In this case, the phenols used include, for example, phenol, o-cresol, m-cresol monole, p-creso mono nore, o-ethino leuenore, m-ethino leuenore, p-echi Rufenol, o-Butylphenol, m-Butinolenoenole, p-Butinolenoenore, 2, 3 xylenol, 2, 4 xylenol, 2, 5 xylenol, 2, 6 xylenol, 3, 4 xylenol, 3, 5 xylenol, 2, 3, 5 trimethylphenol, 3, 4, 5 —trimethylphenol, p-phenol Examples include lufenol, resorcinol, hydroquinone, hydroquinone monomethylol ether, pyrogallol, phloroglicinol, hydroxydiphenyl, bisphenol A, gallic acid, gallic acid ester, a naphthol, and β-naphthol.

 Examples of aldehydes include formaldehyde, furfural, benzaldehyde, nitrobenzaldehyde, and acetoaldehyde.

 The catalyst for the addition condensation reaction is not particularly limited. For example, hydrochloric acid, nitric acid, sulfuric acid, formic acid, oxalic acid, acetic acid and the like are used as the acid catalyst.

 The novolac coconut resin preferably has a mass average molecular weight of 00000 to 10,000, preferably 6000 to 900, and more preferably 7000 to 8000. When the mass average molecular weight is 300,000 or more, the tendency of the film to decrease (thinner) after development can be sufficiently suppressed, and when the mass average molecular weight is 10,000 or less, residues can be prevented from remaining after development. preferable.

[0029] (Mouth) Polymers having a hydroxystyrene structural unit (hereinafter referred to as (mouth) component! /) Are, for example, hydroxystyrene such as ρ-hydroxystyrene, α-methylhydroxystyrene, _α -ethyl Examples thereof include a radical polymer or an ionic polymer in which only a hydroxystyrene structural unit such as a-alkylhydroxystyrene such as hydroxystyrene is effective, and a copolymer having the above hydroxystyrene structural unit and other structural units. Ratio of hydroxystyrene constituent unit in the polymer is preferably 1 mass _^0/0 or more, more preferably 10 to 30 wt%. This is because when the proportion of the hydroxystyrene structural unit is 10% by mass or more, the developability and resolution tend to be excellent.
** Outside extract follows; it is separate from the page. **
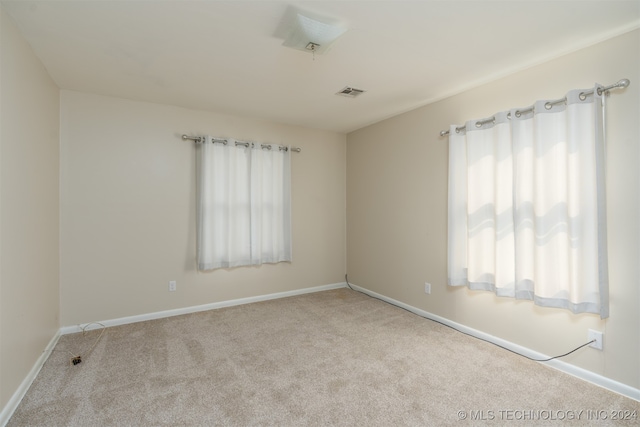 carpeted empty room with plenty of natural light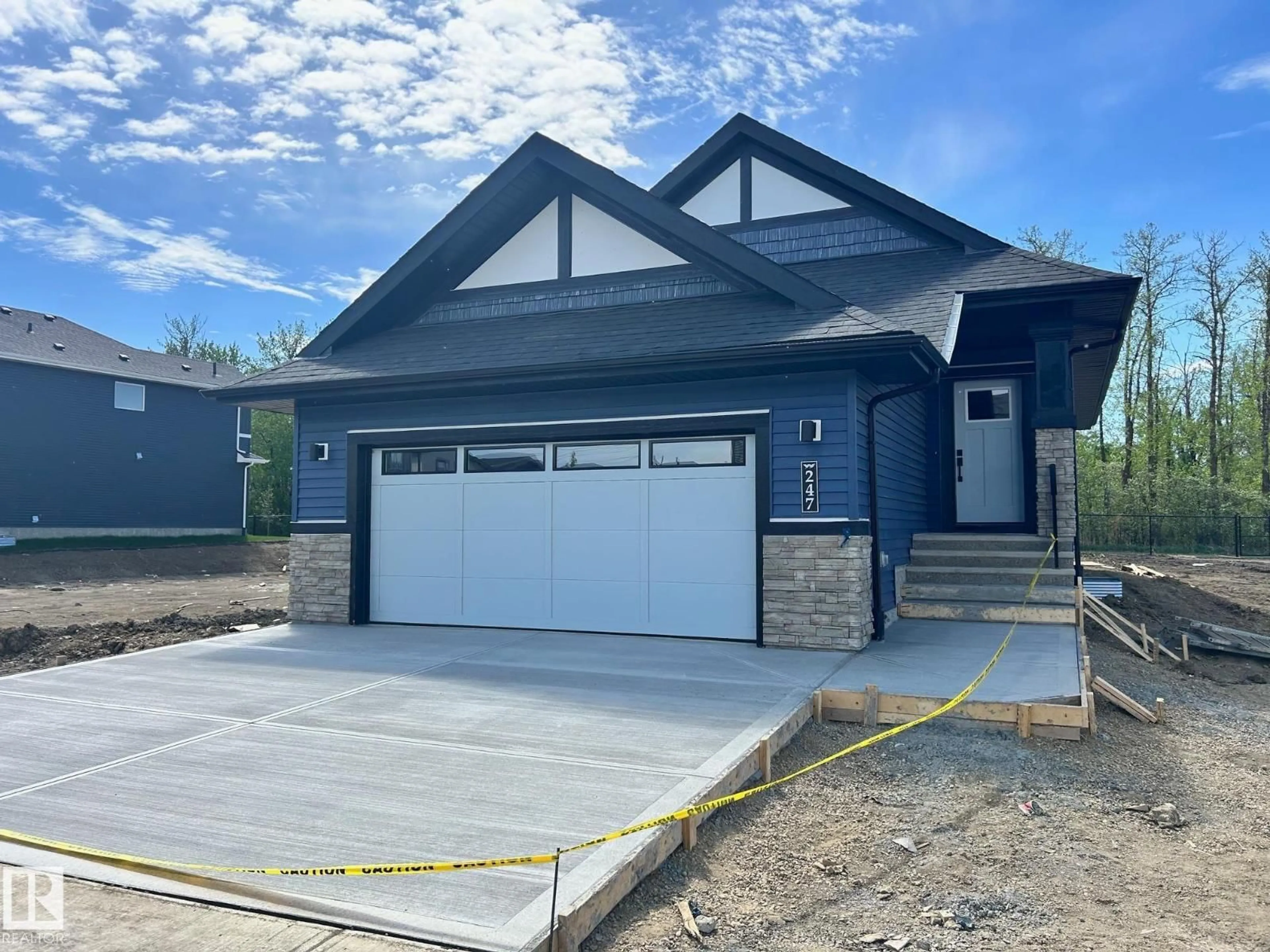 Home with vinyl exterior material, street for 247 EDGEMONT GREEN GR, Edmonton Alberta T6M3J7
 The mass average molecular weight of the (mouth) component is preferably 5000 or less, more preferably 20000 or more and 4000 or less. This is because if the mass average molecular weight is 5000 or less, the resolution tends to be excellent.

[0030] V is preferred as a monomer that forms a structural unit other than the hydroxystyrene structural unit. The monomer V is a monomer obtained by substituting the hydroxyl group of the hydroxystyrene structural unit with another group or an α, β unsaturated double bond. And the like. [0031] As another group that substitutes the hydroxyl group of the hydroxystyrene structural unit, an alkali dissolution inhibiting group that is not dissociated by an acid is used.
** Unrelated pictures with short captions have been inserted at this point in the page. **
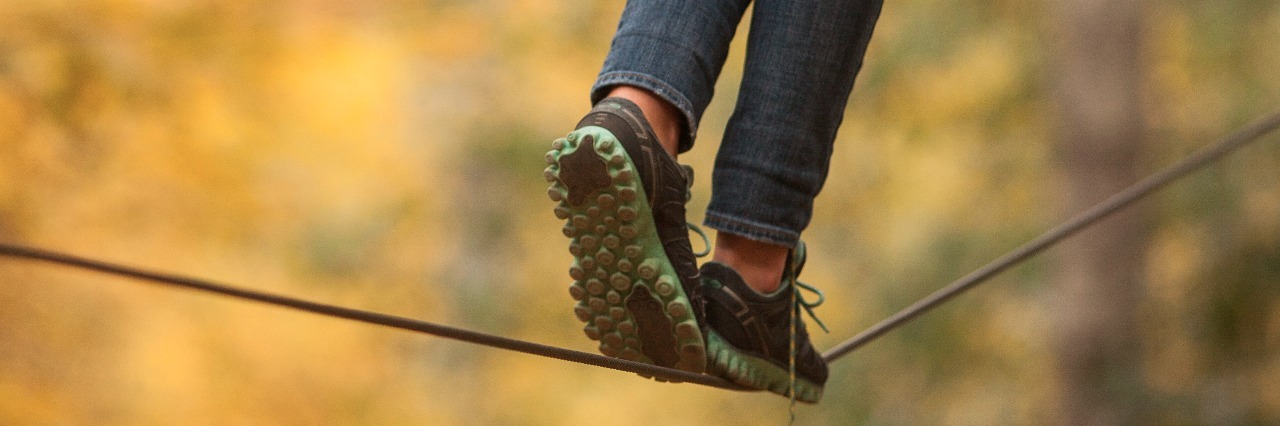 Anxiety Makes Me Feel Like Everyone Is Watching Girl walking along a tightrope in the trees.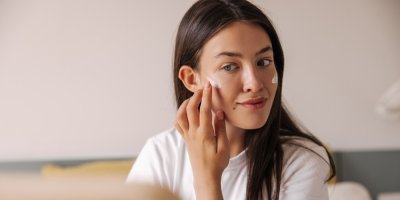 Mladá žena si nanáší krém na obličej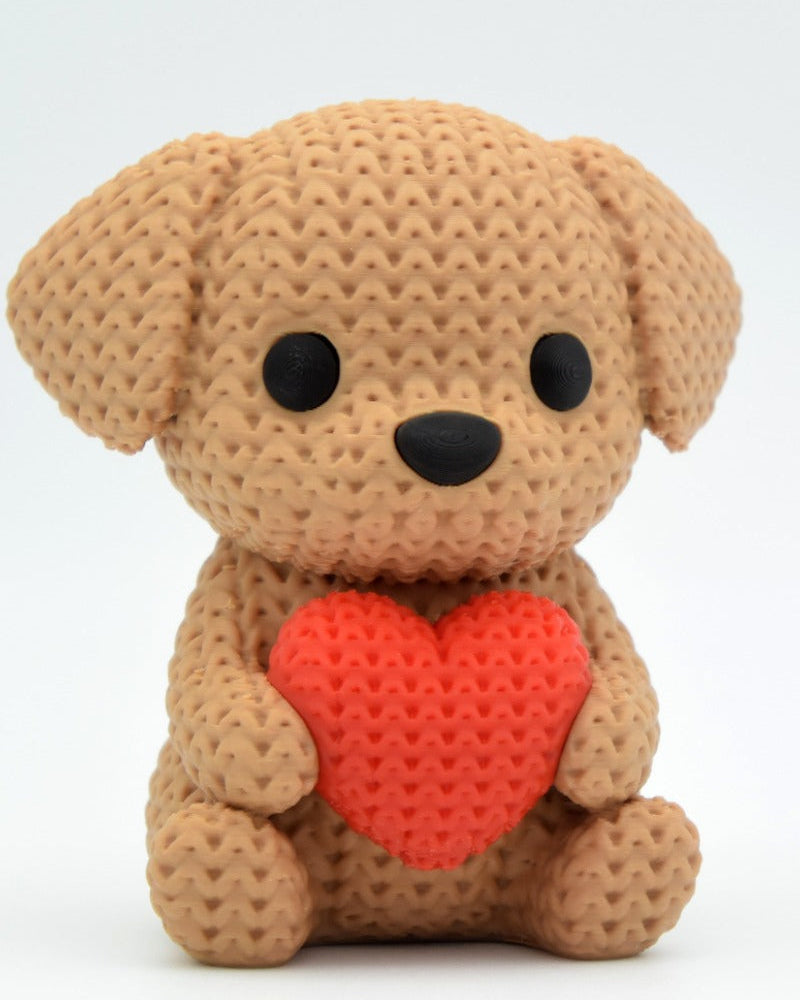 Close-up of a crochet dog ornament holding a small heart, showing soft looping texture across the body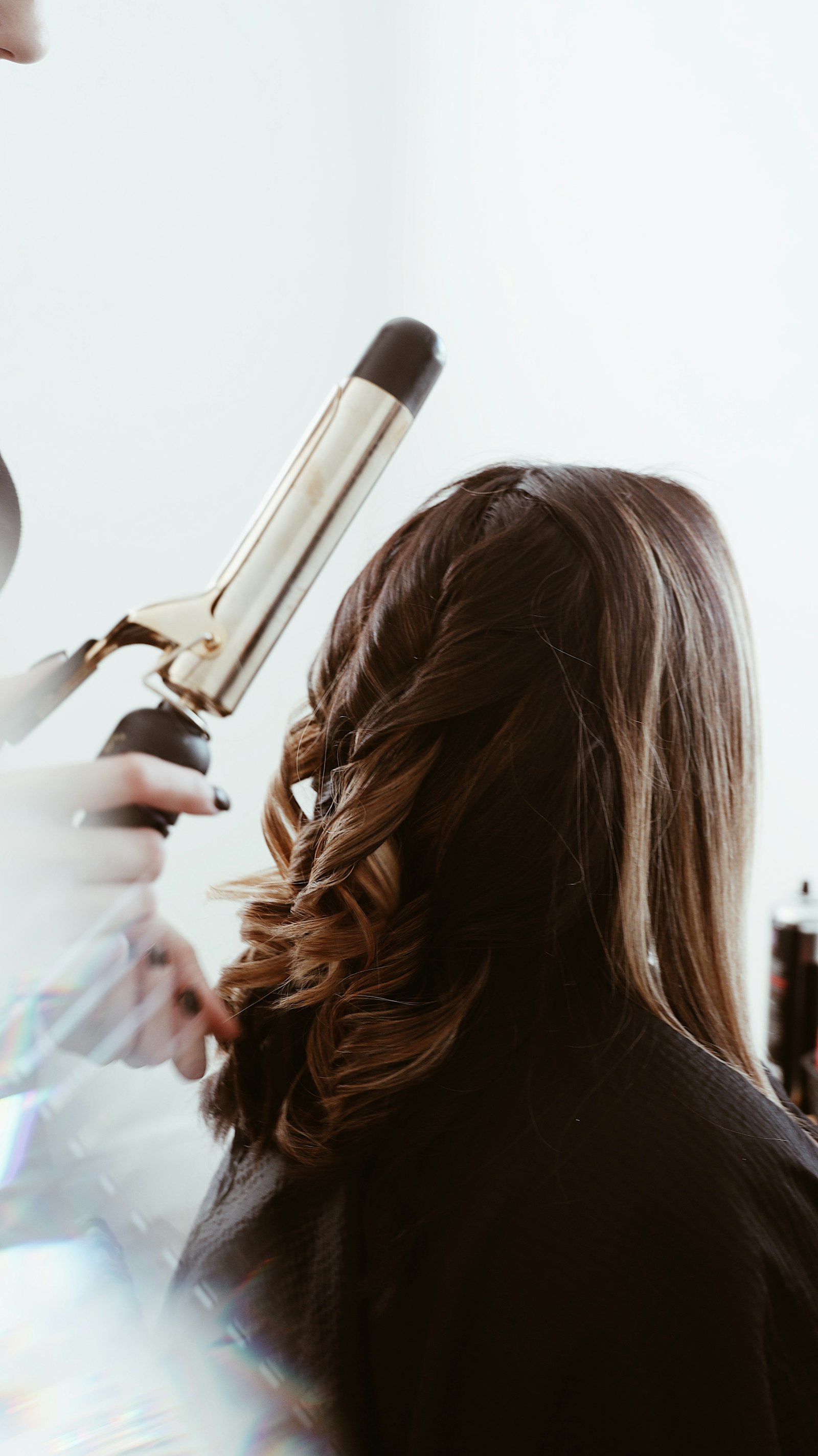 Thợ đang uốn tóc bằng máy uốn cho khách tóc dài tại salon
 Alkali dissolution inhibiting groups that are not dissociated by acid include substituted or unsubstituted benzenesulfoxy groups, substituted or unsubstituted naphthalenesulfoxy groups, substituted or unsubstituted benzenecarboxoxy groups, substituted or unsubstituted groups. Naphthalenecarboxoxy group, etc., and specific examples of the substituted or unsubstituted benzenesulfonyloxy group include benzenesulfoloxy group, black benzenesulfoloxy group, methylbenzenesulfoloxy group, Ethylbenzenesulfoloxy group, propylbenzenesulfuroxy group, methoxybenzenesulfuroxy group, ethoxybenzenesulfuroxy group, propoxybenzenesulfuroxy group, acetoaminobenzenesulfuroxy group, etc. Or unsubstituted naphthalene sulfo-loxy Specific examples of these include naphthalenesulfuroxy group, chloronaphthalenesulfuroxy group, methylnaphthalenesulfuroxy group, ethylnaphthalenesulfuroxy group, propylnaphthalenesulfuroxy group, methoxynaphthalenesulfuroxy group, ethoxynaphthalenesulfol group. -Luoxy group, propoxynaphthalene sulfo-loxy group, acetoamino naphthalene sulfo-loxy group and the like are preferable. Furthermore, examples of the substituted or unsubstituted benzencarboxoxy group and the substituted or unsubstituted naphthalenecarboxoxy group include those in which the substituted or unsubstituted sulfo-oxy group is replaced with a carbo-oxy group. Among them, acetaminobenzene sulfo-oxy group or anacetoamino naphthalene sulfo-oxy group is preferred.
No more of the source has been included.